The sun doesn’t shine as brightly for Energy Secretary Steven Chu these days. But he has other ideas for saving the world from the evil of fossil fuels. Can we forget Solyndra?
Instead, how about the “Glucose Economy.” The what? Chu came up with the idea of a global “glucose economy” to supplant mankind’s dependence on oil while he was teaching physics and molecular and cellular biology at the University of California, Berkeley.
For his global glucose economy, vast supplies of fast-growing crops would be planted in the sunny tropics. The plants would be converted into glucose. The glucose would be shipped around the world much as oil is today, for eventual conversion into biofuels to run our cars. Wow! What an approach to the energy problem.
Not all tropical countries, whether oil producers or agricultural powers, are friends of the United States. But Chu has the ideas needed to deal with global warming– if there is indeed any real problem with global warming, which science says occurs intermittently with global cooling throughout history.
Then there is Chu’s somewhat peculiar idea for utilizing termites’ guts. As Chu explained in a interview in 2007 when he was director of the Lawrence Berkley National Laboratory, “Termites have developed a symbiotic relationship with colonies of bacteria that reside inside a termite’s gut and convert biomass, specifically cellulose, mostly from wood, into chemical energy the termite can utilize.
“If we can learn to either genetically engineer the microorganisms from termite guts, or cow guts…to produce more energy from biomass than they need, or else adapt the chemistry within the microorganisms to process the biomass ourselves, we would go a long way towards reducing our dependency…(on) oil.”
If he could find ways to turn cockroaches and mosquitoes into energy, that would be a real blessing.
Chu, in the interview, was also asked to talk about “out of the box” energy research—as if termite guts were an “in the box” concept.
He explained in the interview: “We think a solution to the energy problems may lie at the interface between biology and the physical sciences on the nanoscale. We are now mounting a major, multidisciplinary initiative…which would develop ways to convert solar energy into a carbon-neutral form of energy that could sustain our world in an environmentally friendly manner,
“To do this, we are drawing on our expertise in nanotechnology and synthetic biology and the resources…at the West Berkeley Biocenter…and at The Molecular Foundry, a U.S. Department of Energy nanoscale science research center….
“We believe that a well-conceived program put in place now has the potential to provide the people of the United States with renewable energy security and economic growth for decades to come.”

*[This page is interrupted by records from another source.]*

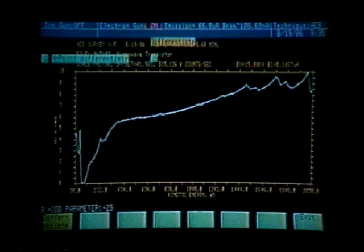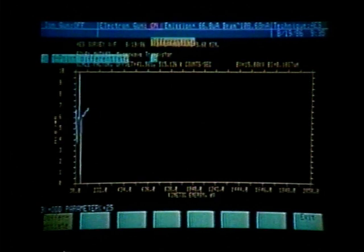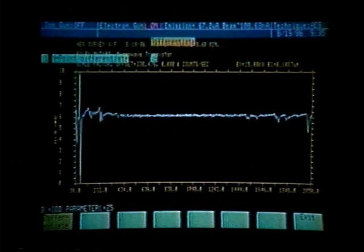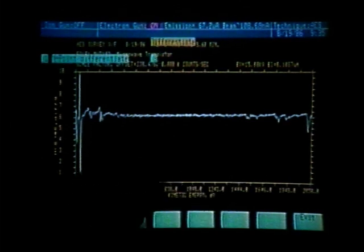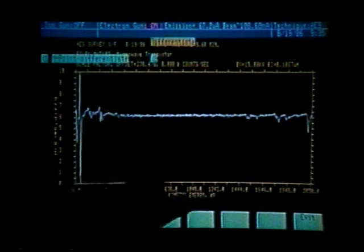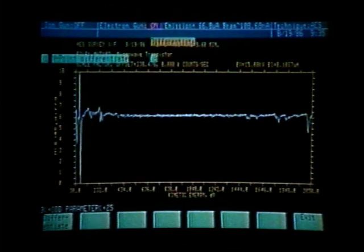We are now doing a 9-point differentiation. We can see that the signal to noise is quite good using a 9-point differentiation, so we do not need to utilize the smooth routine. We can now exit using soft key number 8.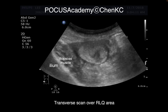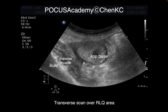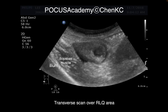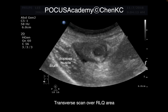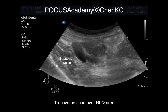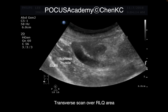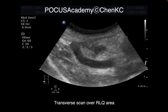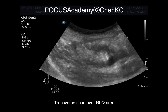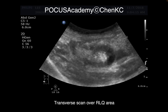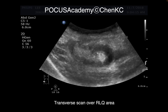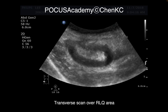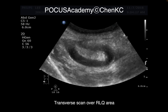Scanning transversely for most parts of the GI structure is quite important because in that way we can observe the patterns like a CT scan. In this case, we started from the cecal base landmarks and appendix. We see the appendix in a circular shape.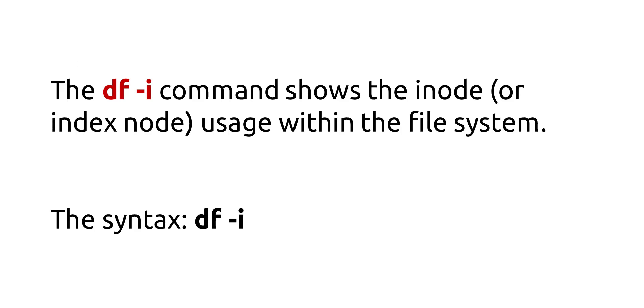The df -i command shows the in-node or index node usage within the file system. The syntax is df -i.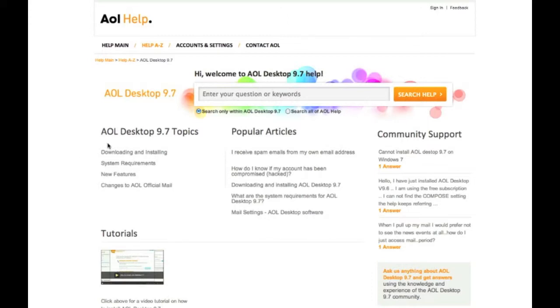And just like the McAfee help page we saw before, we can view topics, video tutorials, popular articles, and community support.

Another example of his unorthodox thinking is his May 2009 recommendation to paint the roofs of buildings around the world white and use light-colored road surfaces to reflect sunlight back into space — possibly enough to have an effect on global warming. He believes this would reduce carbon equal to taking every car in the world off the road for a decade. There are plenty of scientists with many notions, but they are seldom in a position to convert their visions to action, as Chu attempts to do.
Chu ran into frightful problems this year when his Energy Department and the White House thought a $535 million loan guarantee to Solyndra, Inc. solar power firm could help stop global warming. Many of the problems that forced the company to shutter operations threaten other businesses in the sun-power industry, with more upheaval likely, according to an article in The New York Times Sept. 6.
Chu’s research at Bell Labs was in cooling and trapping atoms with laser light. It won him the Nobel Prize in Physics in 1997, together with colleagues Claude Cohen-Tannoudji and William Daniel Phillips.
Chu has gained worldwide attention as a scientist as well as with some of his quirky ideas about how to deal with climate change. Now he has to figure out how to keep his job. He may have already thrown himself “under the bus,” as the current cliché phrases it.
Testifying before the House Energy and Commerce Committee Nov. 17. an unapologetic Secretary Chu defended the half-billion-dollar loan to solar-panel manufacturer, Solyndra, Inc. that went into bankruptcy. He said he was unaware of the key details that led to the scandal.
He also said with a straight face the decision to fund the company was not political. Termite guts as a replacement for auto fuel is more believable.